January 20, 2025

But Moses said to the LORD, “Behold, I am of uncircumcised lips. How will Pharaoh listen to me?”

Exodus 6:30

Father God, today I am reflecting upon all of the failures in my life, all the times I have set out to do something only to fall flat on my face. I have failed in relationships. I have failed in school. I have failed on the job. I have failed at church. My life sometimes feels like a ”flunk-fest”! I wish I could say there have not been a lot of them but I would be lying.

How many times have I ventured off to accomplish what You have called me to do only to meet resistance, or worse failure at the first stab? And when I take a step back and examine the aftermath, realize that I am not up for the task, that I am just not good enough, that the problem was me? I must admit, that I feel like Moses must have felt, as Pharaoh shook him off. Why should anyone listen to me or take me seriously?

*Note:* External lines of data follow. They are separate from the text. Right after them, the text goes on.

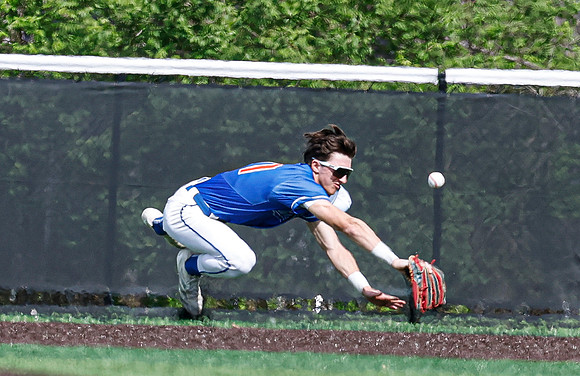 20260413dj WHT at CG Boys Baseball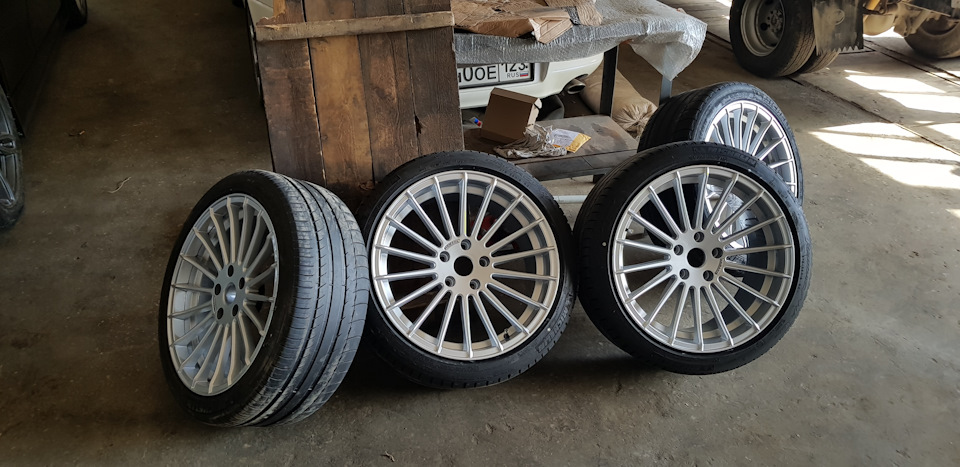 Диски Hamann в серебро. — BMW 5 series (F10), 2,1 л, 2011 года ...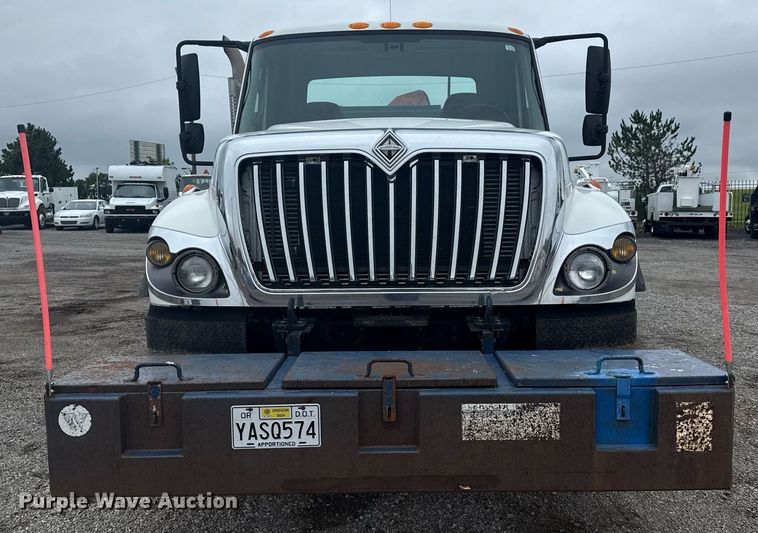 image for item EG5923 2009 International 7500 crane truck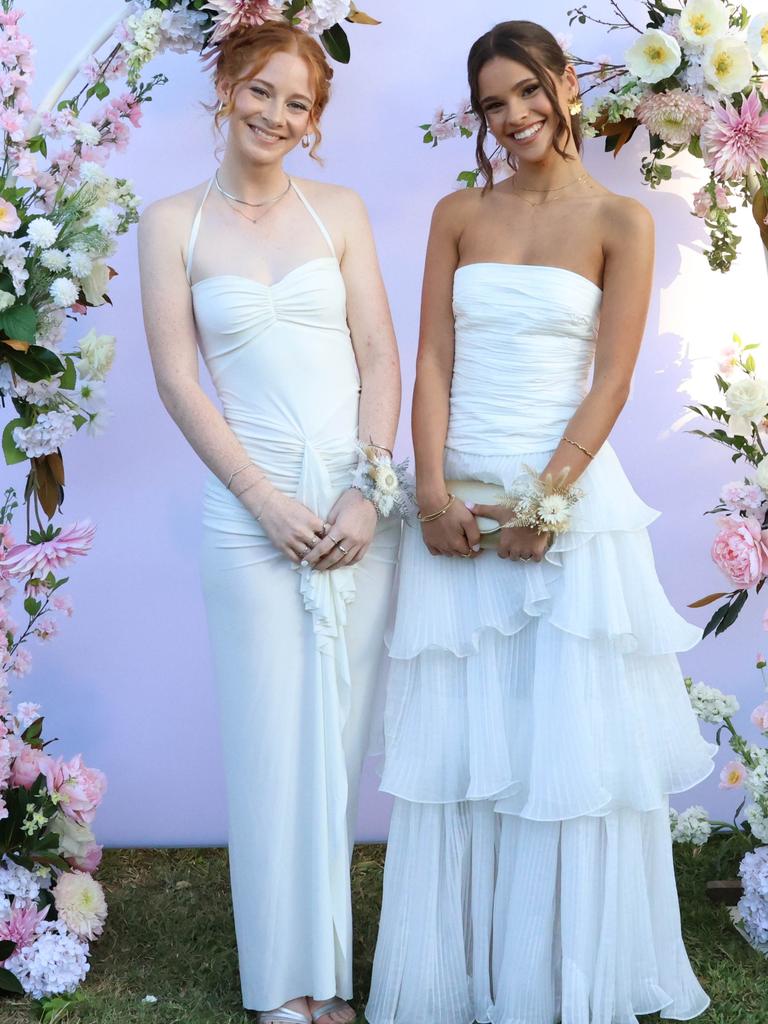 Emmalie and Gabi at the 2024 St Ursula's College formal.
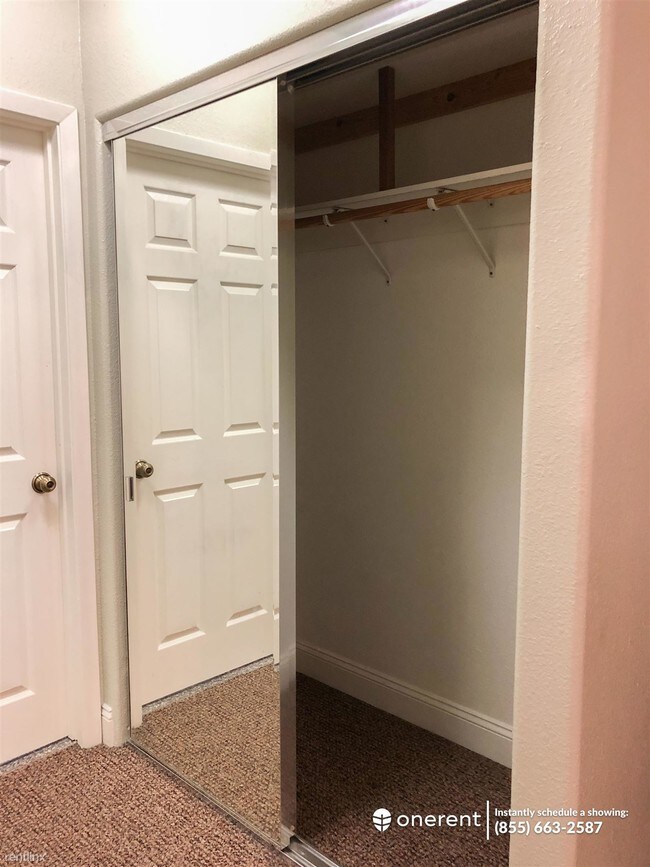 Building Photo - 3 br, 2 bath Duplex - 796 Hillside Blvd -
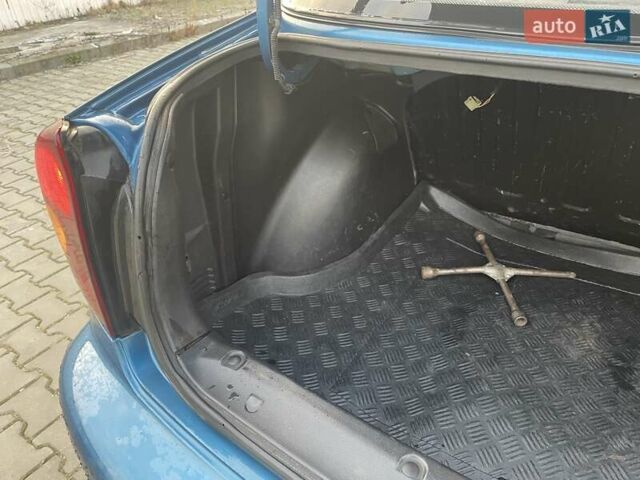 Синий Дэу Ланос, объемом двигателя 1.5 л и пробегом 65 тыс. км за 3200 $, фото 2 на Automoto.ua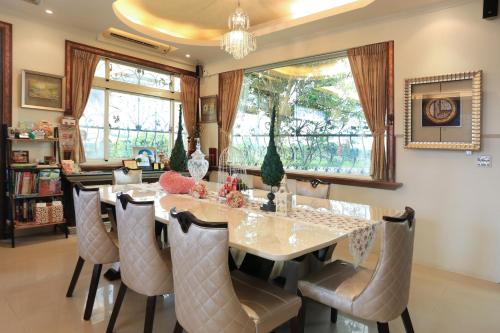 Ruang duduk di Mandy's House B&B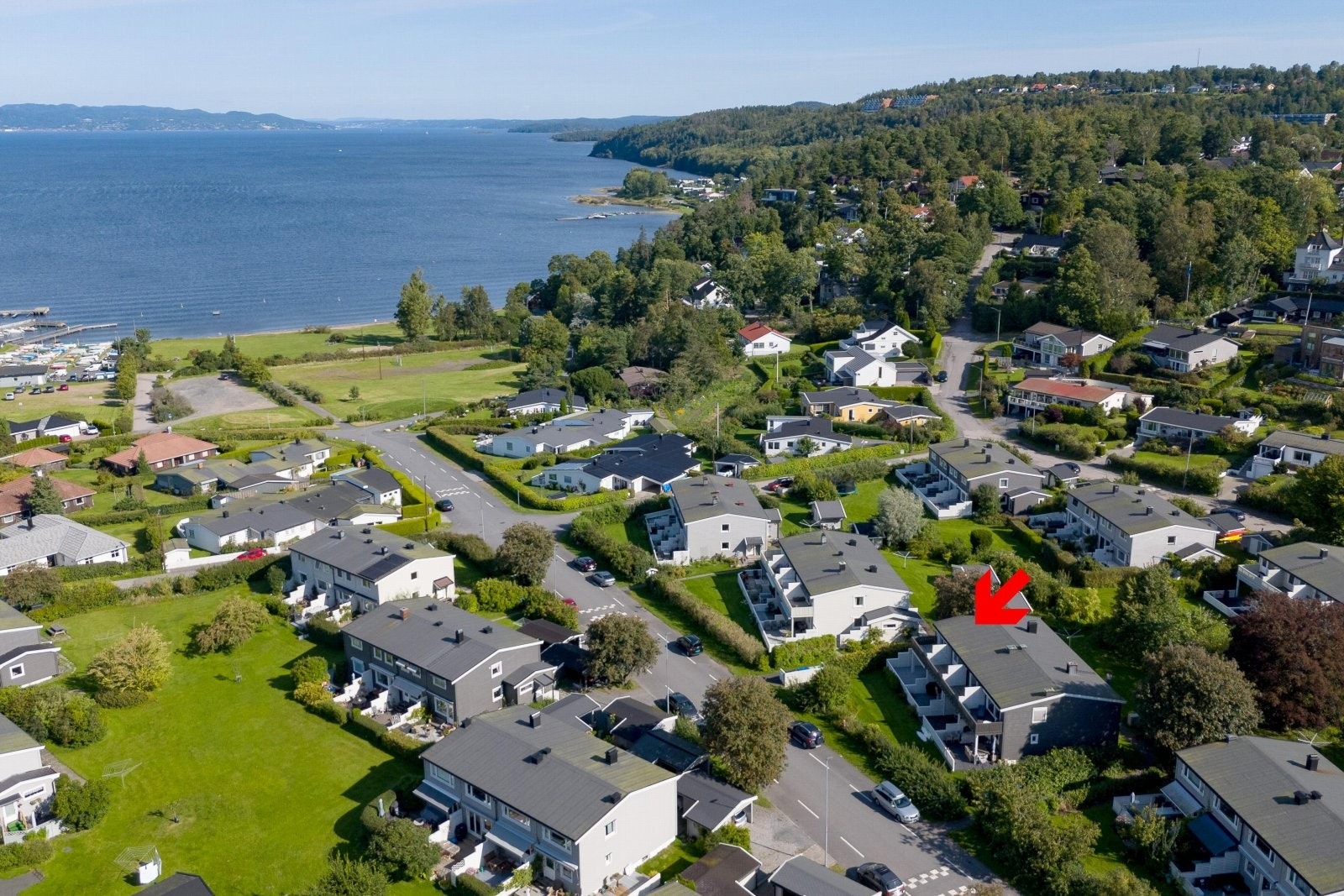 Tronvikalléen går ned mot den populære Tronvikstranda. Galleribilde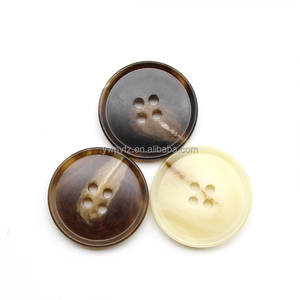 Chất Lượng Cao Tùy Chỉnh Mô Hình Sừng Nhựa Nút Phụ Kiện <span class=keywords><strong>4</strong></span> Lỗ Áo Sơ Mi Phù Hợp Với Áo Khoác Ưa Thích Màu Nâu Nhựa Áo Khâu Nút - Product Image 2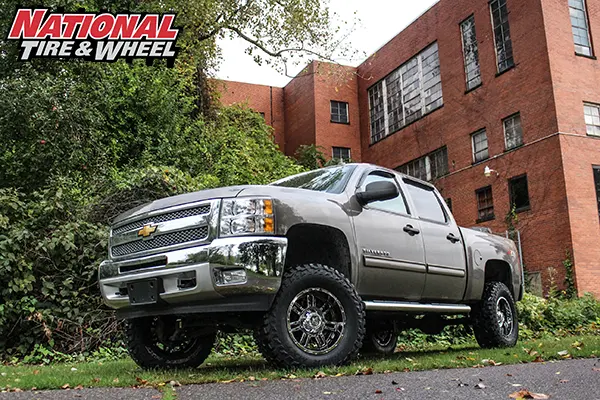 2013 Silverado 1500, 7.5 inch Rough Country, 35x12.50R18 on 18x9 Gear Alloy Challenger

I find peace in knowing that You see me and know what I am feeling in the moment. What I try to keep from prying, judgmental eyes You see because nothing is hidden from You (Hebrews 4:13). You see the insecurities I try to hide from everyone. You know how much of a failure I believe I truly am. And yet, You see me differently. You see me as You have created me to be. You see the finished product. Even as You told Moses that You have made him like God to Pharoah (Exodus 7:1), You beckon me not to see me as I see myself, but as You see me. And in doing this You remind me that it is not about me and what I can and cannot do. It is about trusting in You and Your plan for my life. You show me who You are making me into and invite me to participate in this sanctification process, purging me of all that gets in the way and transforming me into being more like Jesus.

So today, I embrace my brokenness, Father. I hold fast to the reality that in my weakness I am made strong in You (2 Corinthians 12:9-10). Show me how I indeed decrease that You might increase within me. Let Your strength be made clear and visible for all to see in what appears to be my failures. For then, and only then, shall I truly know what success looks like.